◆ EXERCISE BRIEF ◆
The result should be an exact copy of only the lines from the one holding "https://362guide.com/202508/154055.html" through the last line of the data below, please, without pictures.

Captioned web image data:
•••••

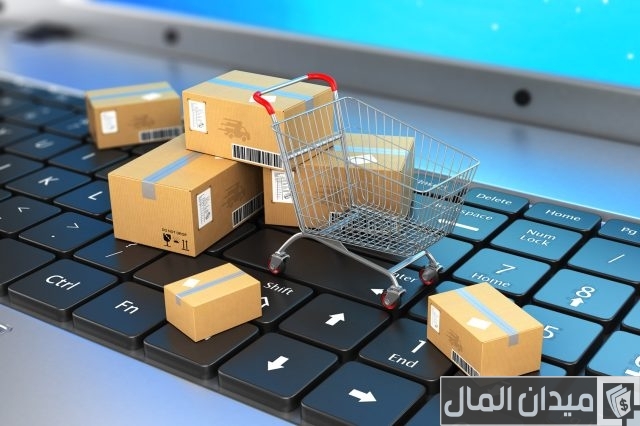 تجارة الملابس في سلطنة عمان تجارة الملابس في سلطنة عمان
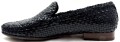 DSCN8567.JPG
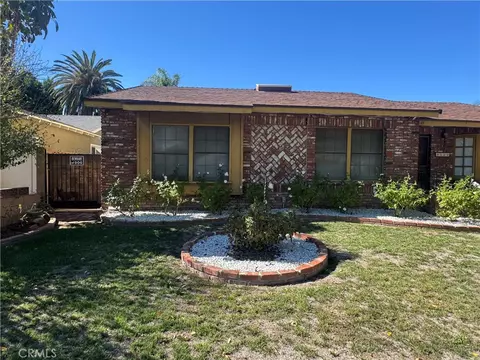 8221 Kentland, West Hills, CA 91304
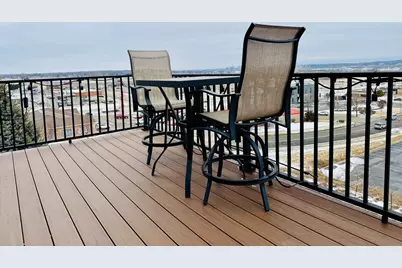 2315 Superior Lane NW, Rochester, MN 55901 - Photo 13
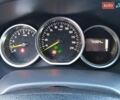 Серый Рено Логан МСВ, объемом двигателя 1.46 л и пробегом 73 тыс. км за 10900 $, фото 23 на Automoto.ua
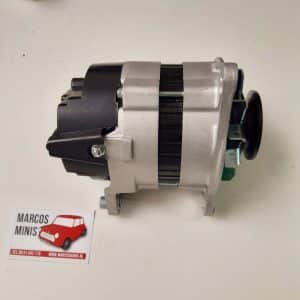 Dynamo 45A Classic-MINI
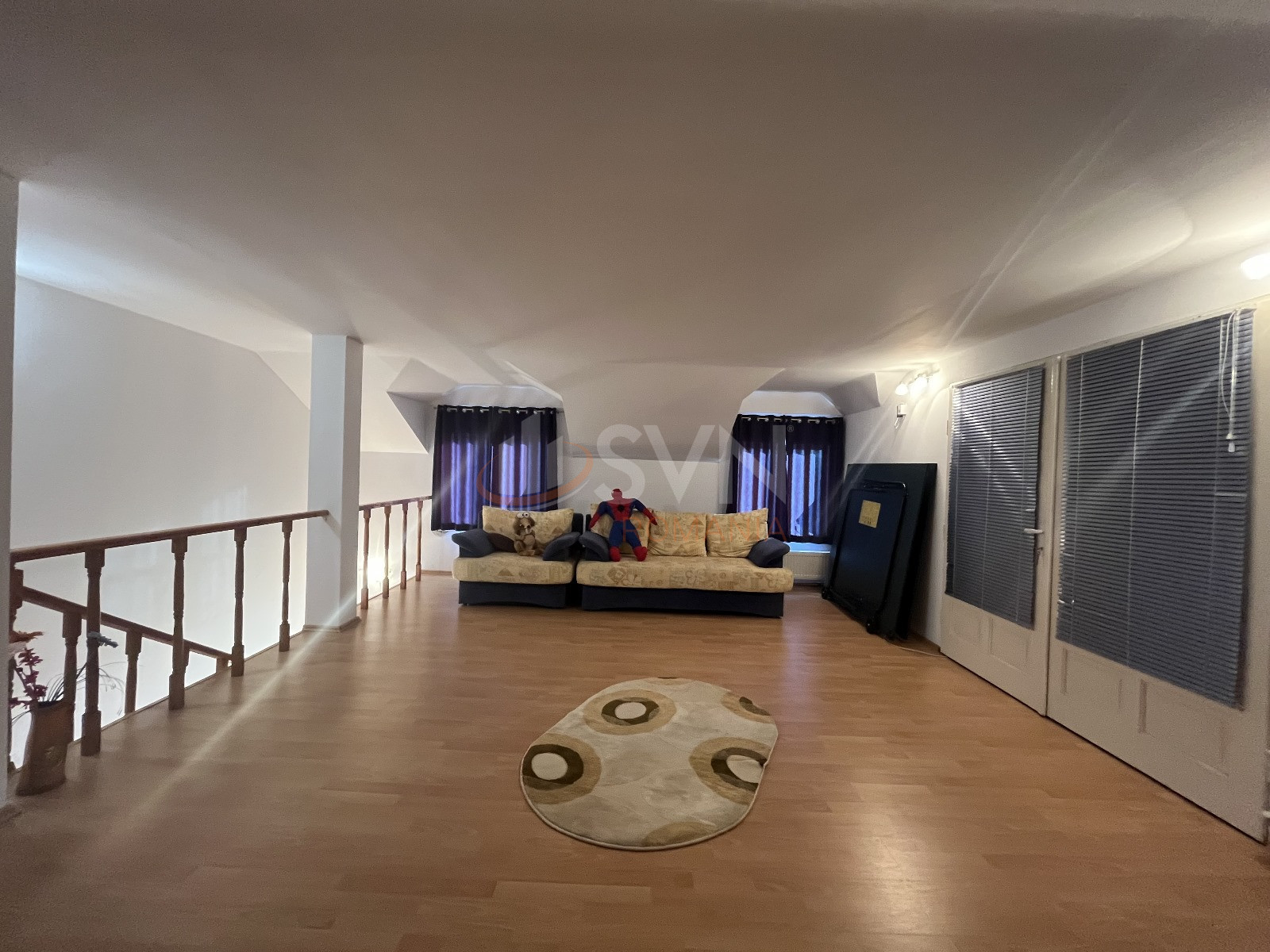 Casa, 4 camere Dambovita/Centru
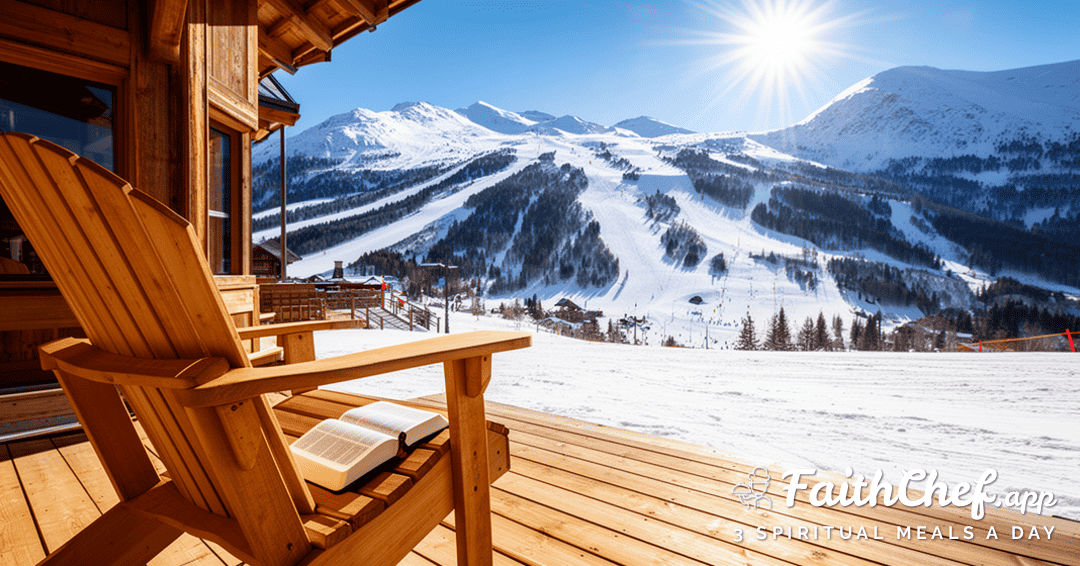 Wednesday Read: Tax Day and Rendering to Caesar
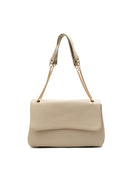 Bolso Tiva - Blanco Roto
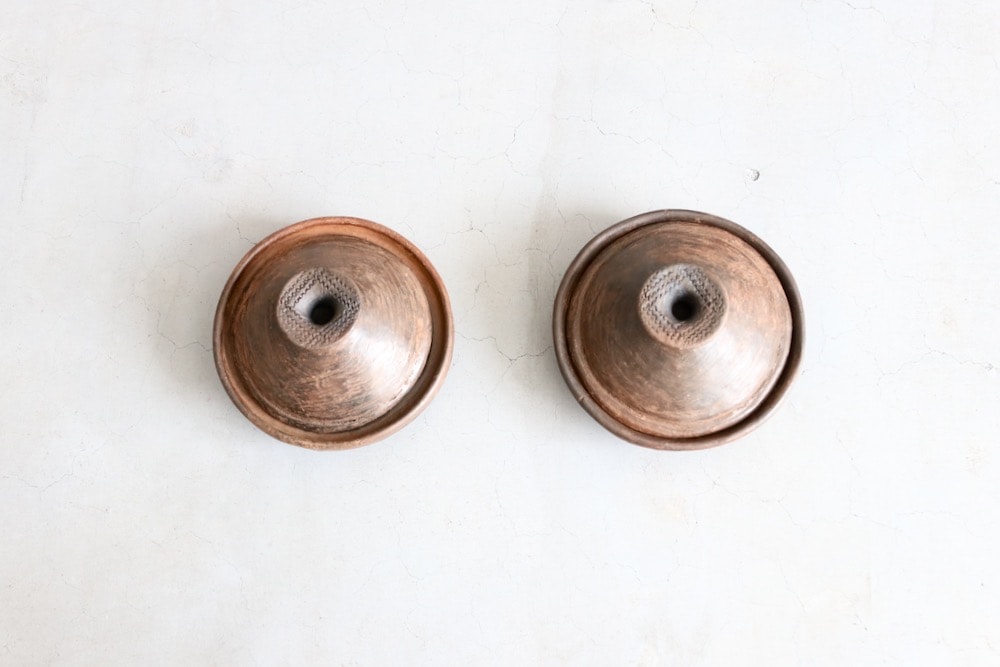 LIGHT YEARS(�饤�� ���䡼��) ��TAJIN POT 18cm��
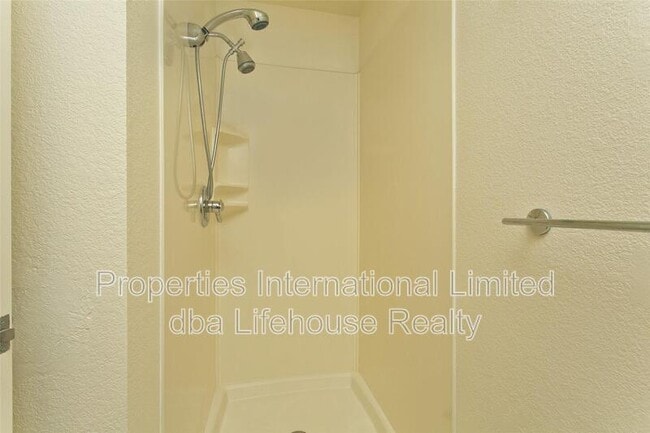 Building Photo - 94-502 Kupuohi Street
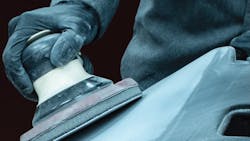 67aa68932bfe9b84ba78981b Abrasivessem 67aa68932bfe9b84ba78981b Abrasivessem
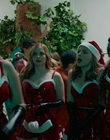 Filename=Mean_Girls_mp43546.jpg
Filesize=946KiB
Dimensions=1920x1040
Date added=Mar 25, 2024 Mean_Girls_mp43546.jpg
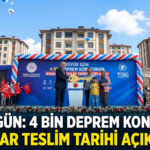 Ampute Futbolda Şampiyonluk Ateşi: Malatya Temsilcisi Yarın Büyük Maça Çıkıyor!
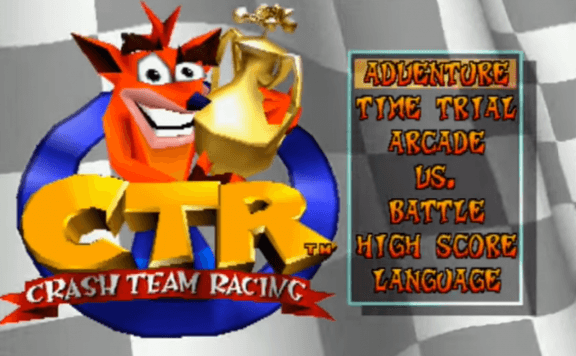 crash-team-racing-remake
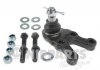 Купити Кульова опора Mitsubishi Pajero, L200 NIPPARTS j4875003 (фото1) підбір по VIN коду, ціна 1138 грн.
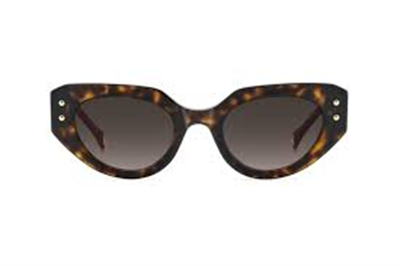 CAROLINA HERRERA 0221/G/S O63HA 50 Kadın Güneş Gözlüğü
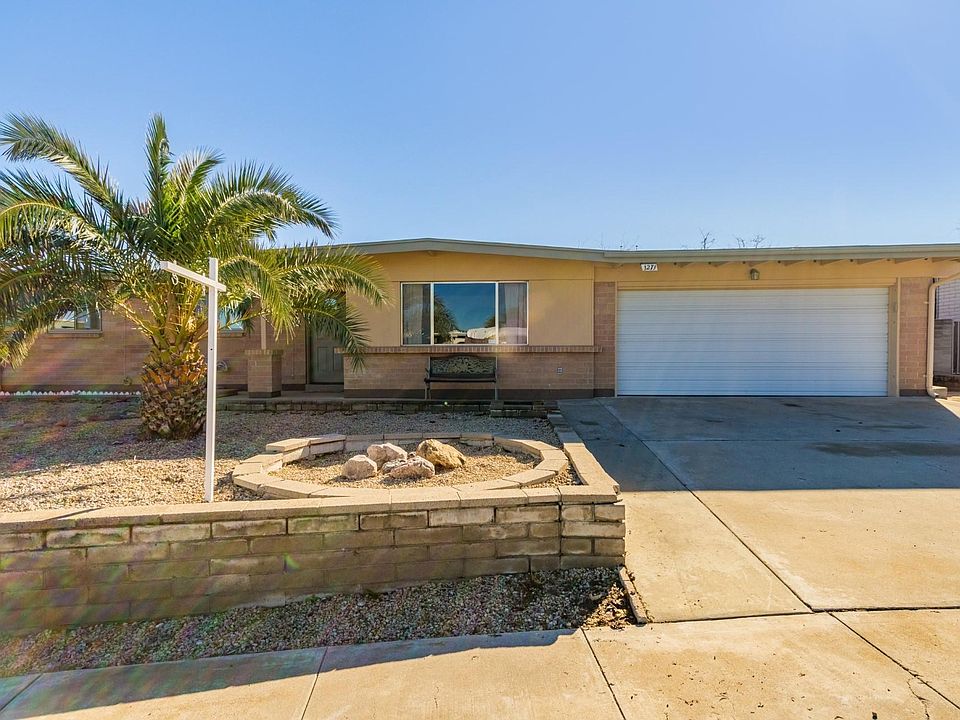 1st image of 1271 W Calle De Cobre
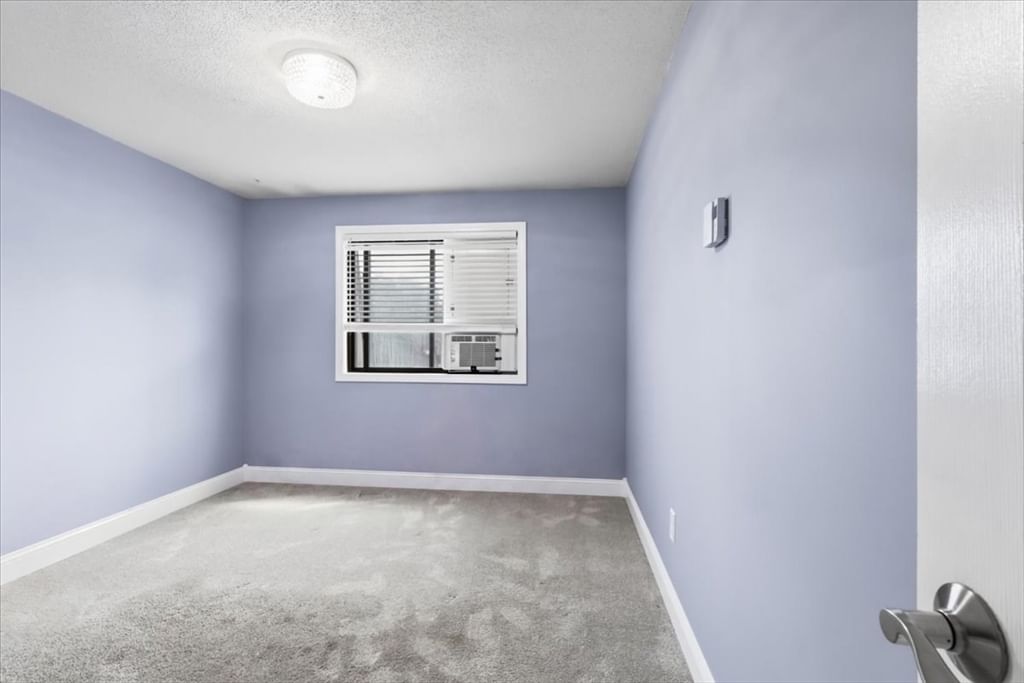 2 Karena Drive #12 Taunton — Photo 15 of 32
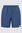 Ensign Blue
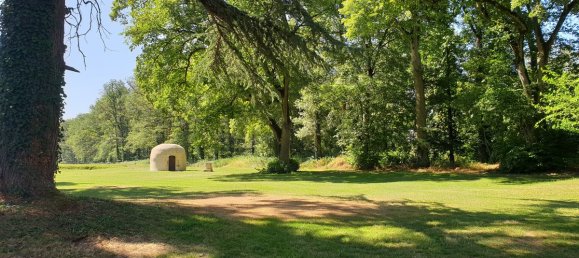 5 bedrooms House in Autreche, France No. 101852 4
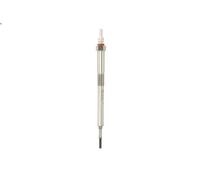 Glow plug Pencil-type Glow Plug F 01G 004 02X BOSCH for HONDA CIVIC IX CR-V III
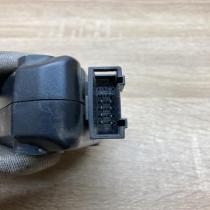 1K0035463D 310413405910  Sound amplifier Volkswagen Golf VI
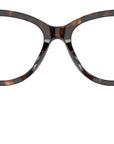 Andalucia MK4120U 3006 Dark Tortoise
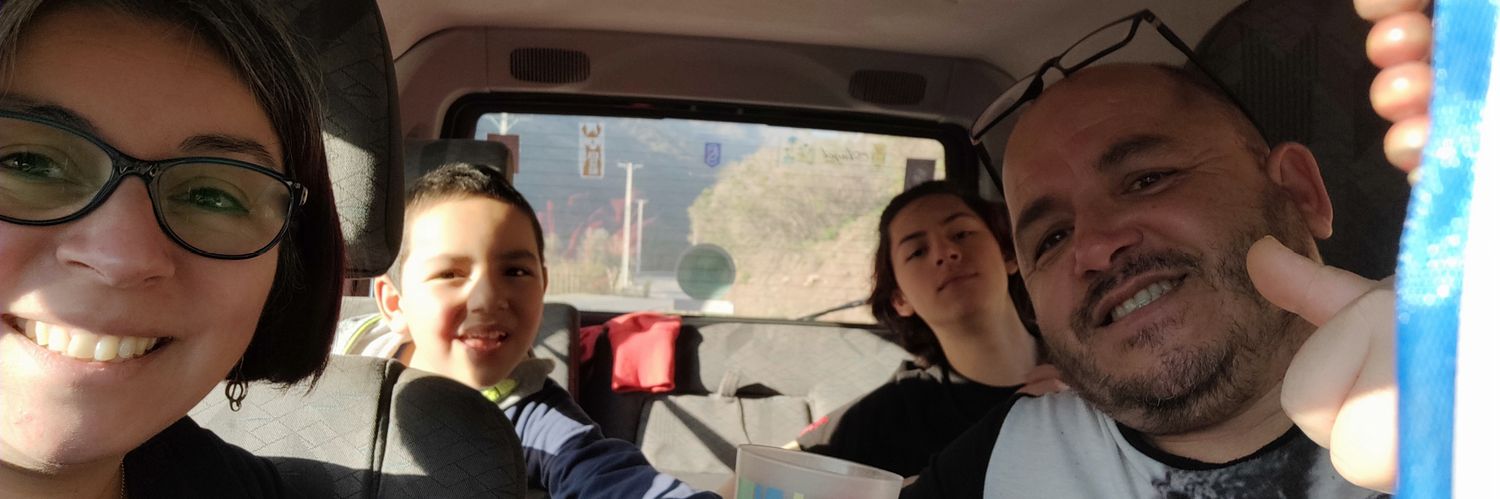 Musimoon's profile banner image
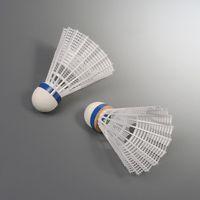 Volants badminton mavis 300 - Yonex - Image 2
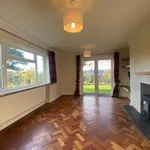 Rent 4 bedroom flat in West Midlands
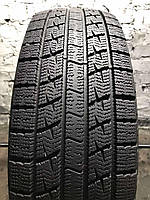 Зимние шины б/у 205/70 R15 Kumho Ice Power KW 21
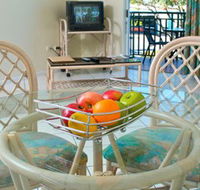 Koala Court Holiday Apartments - Accommodation Sydney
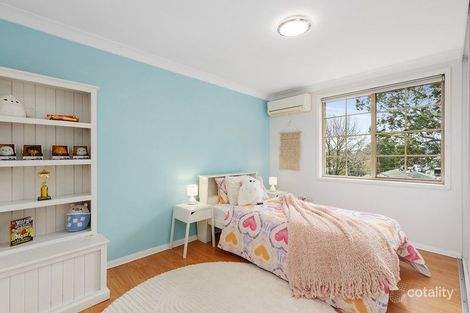 Property photo of 3/409 North Rocks Road Carlingford NSW 2118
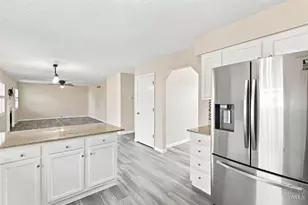 8031 Simpson Creek Way, Deerfield Township, OH 45040 - Photo 17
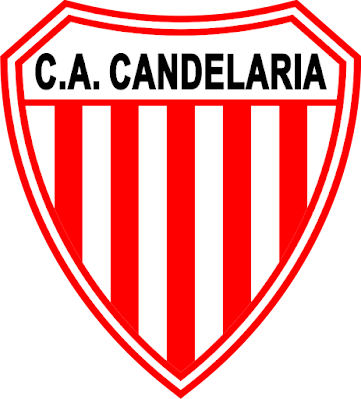 CLUB ATLÉTICO CANDELARIA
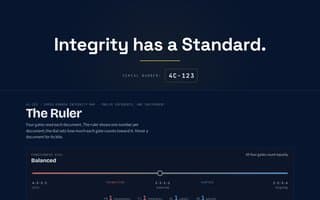 Thumbnail of 4cite.ai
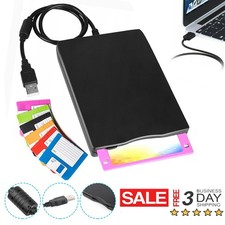 Externes usb diskettenlaufwerk gebraucht kaufen Externes usb diskettenlaufwerk gebraucht kaufen  Aspisheim, Grolsheim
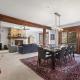 TOWN POINTE B304 condo, Park City - Foto 9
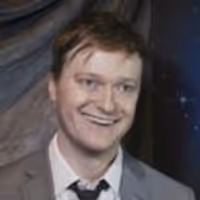 TV Exclusive: Meet the Nominees- HAND TO GOD's Steven Boyer- 'It Feels Like I'm on a… Video
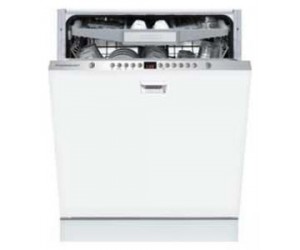 Kuppersbusch IGV 6509.1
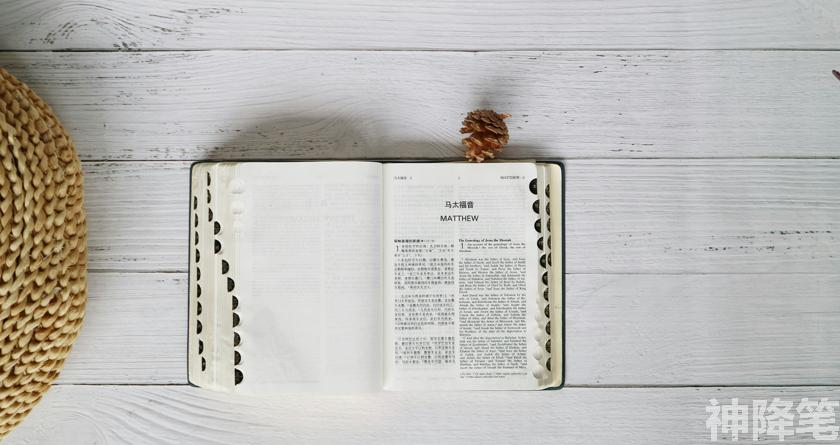 神降笔,神降笔降AIGC,神降笔论文修改,神降笔论文查重,神降笔论文检测,论文查重检测系统,神降笔论文改重,智能论文降重,神降笔论文降重软件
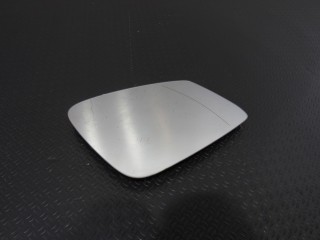 Стекло зеркала наружного правого BMW 3-серия F30/F31/GT F34 2011-2016, хетчбэк 5 дв., левый руль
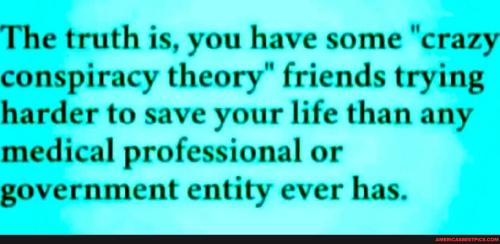 12ddd2041c96eb59321ad1ba7339751ad6c9db577b226144217ae37f2f319ae7_1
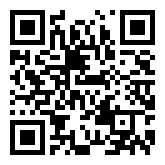 https://362guide.com/202508/154055.html
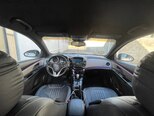 Chevrolet Cruze-5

•••••

◆ OUTPUT ◆
 https://362guide.com/202508/154055.html
 Chevrolet Cruze-5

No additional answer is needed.